Um dado mais: nas aulas é urgente recuperar certas práticas antigas de ensino e que a parafernália tecnológica e as pedagogias da autonomia (autonomia dos alunos com base no que jamais leram e feita de que práticas de escrita e de conhecimento de bibliografia activa e passiva?) e do “aprender a aprender” erradamente puseram de parte. Nada substitui a leitura em voz alta, num tom equilibrado e atento ao ritmo dos versos, pausas, tons, intensidades, dessa Canção X que poderia ser relacionada, porventura, com a canção X de um Gastão Cruz, o de Outro Nome (1965). Assim na formação de professores houvesse capacitação textual e não tanto a famigerada “capacitação digital” e também seria vivificante pensar Camões através da música do seu tempo.
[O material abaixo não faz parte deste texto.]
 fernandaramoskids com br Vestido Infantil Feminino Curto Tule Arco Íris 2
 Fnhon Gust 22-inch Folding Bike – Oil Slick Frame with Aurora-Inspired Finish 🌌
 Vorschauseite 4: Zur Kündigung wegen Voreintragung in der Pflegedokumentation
O livrinho do mestre Freitas Branco, faria sentido dá-lo a ler a estudantes e professores? E esse ensaio de Jacinto do Prado Coelho, Temas e Motivos da Lírica Camoniana (1955), não será mais importante que qualquer teoria sobre a sexualidade de Camões, ou sobre quem foram as amadas do poeta?
Regressar aos textos, sim. À sua gramática. Explorar a retórica prodigiosa desse fazedor de oxímoros e de paradoxos, essas “figuras do deslizamento” que espelham bem o desconcertado mundo a que só a poesia pode dar concerto. Perceber bem por que razão a frase subordinada consecutiva é determinante em muitas das chave-de-ouro de inúmeros sonetos… Ou seja: recusar as modas e as tresleituras, as novas superstições literárias, creio que só assim os alunos de 2025 poderão fruir com o rigor de uma imaginação culta as imagens, as cenas vivas de uma obra imorredoura.